Sous un ciel estival, Mme Larine et la nourrice font briller l’argenterie en devisant. Les costumes de Julie Lance dessinent le caractère des protagonistes : strict et classique Tatiana, Olga fantasque et colorée, Vladimir apprêté et néanmoins brouillon, Eugène grand genre et prétentiard. La fraîcheur de l’intervention du chœur est sympathique, agrémentée de six joyeux gamins, tandis que les adultes puisent le thé au samovar. Voiles flottant sur la nuit étoilée, infinie, la jeune fille griffonne fiévreusement sa déclaration. Le matin venu, dans des robes-lettres quatre habilleuses exécutent un étrange rituel, magie dans laquelle se rassure l’amoureuse – nous voilà dans l’imagination de Tatiana. La déception qui clôt l’épisode s’accomplit dans un néant douloureux que les frondaisons du jardin ne consolent pas. L’Acte II carole un bal masqué où dominent des vêtures anciennes, le passé russe envahissant le salon des Larine. Plutôt qu’un vieillard ridicule, Monsieur Triquet est un jeune homme timide, séducteur malgré lui dont s’éprennent les femmes du chœur – au passage, froncements de sourcils et autres mines désemparées à l’écoute de la langue française laissent deviner une modeste aristocratie de province qui ne fait pas semblant. Lorsque point la jalousie de Lenski, la gravité inhabituelle d’Olga pourrait bien être prémonition du pire, avec ce visage de sainte embrasée. La tentative de réconciliation au champagne n’y peut mais : il faut se battre. Les fenêtres du duel butent contre les troncs quasiment noir et blanc des bouleaux. Accompagné d’un adolescent soumis et apeuré en guise de second (ce qui laisse imaginer quelque relation complexe), Eugène happe la lumière. L’horizon se ferme. Seul, il tire… sur nous, public sacrifié, comme le poète, à sa vanité mondaine. Pas plus de surcharge pour figurer le palais de Grémine, un échantillon de deux façades pétersbourgeoises dans une lumière côtière et une rive de canal suffisent (III). Ce que redoutait tant l’anti-héros de Pouchkine se réalise : le ridicule – on sait gré à Pénélope Bergeret de ne le point suicider, comme c’est de plus en plus l’usage : ce serait là geste trop glorieux pour lui. Une seule chose à faire : fermer les volets. Chapeau !

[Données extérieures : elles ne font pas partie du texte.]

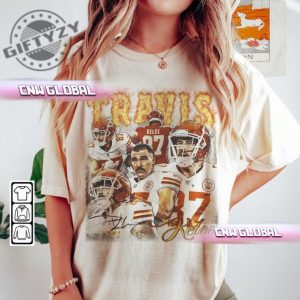 Travis Kelce Football Shirt Bootleg Kansas American Sport Vintage Sweatshirt 90S Y2k Graphic Tshirt Retro Unisex Gift For Fan Hoodie giftyzy.com 3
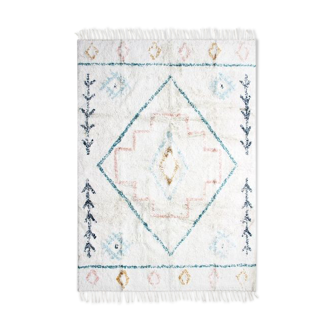 Tapis berbere 120 x 170 cm blanc motifs colorés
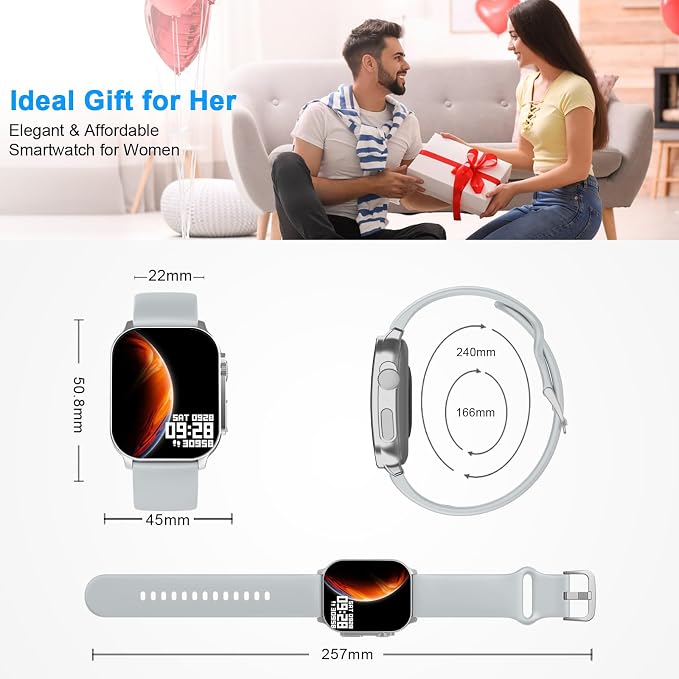 Smart Watch, 2.01" AMOLED Curved Touchscreen Fitness Watch for Men Women, IP68 Waterproof, 24/7 Heart Rate/Sleep Monitor, Fitness Tracker with Pedometer, 120+ Sports Modes, Watch for Android iOS Gray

À la tête d’un Orchestre national de Lorraine en bonne forme – saluons-en les cornistes pour leurs interventions ô combien nuancées (Khalil Amri, Jean-Philippe Chavey, Julien Mériglier, Julien Pongy et Philippe Quéraud) –, d’assez leste allure Benjamin Pionnier ouvre l’opéra. Le tempo s’assagit dans les moments choraux, ce qui n’évite pas d’infimes décalages. Le peu de fougue accordée à la scène de la lettre laisse sur sa faim : sans effervescence ni urgence, où sont désir, peur, confusion, exaltation ?... La fosse confirme sa relative platitude durant l’acte médian, ce que contredit luxueusement le poignant solo de violoncelle du duel. Au III, tout change soudain : c’est qu’Eugène est amoureux, vaincu ! Voilà une option courageuse : l’orchestre s’infiltre dans le point de vue du rôle-titre, incapable, deux actes sur trois, de ressentir la passion. C’est un pari risqué qui, pour finir, donne son poids à la conversion du cynique poseur.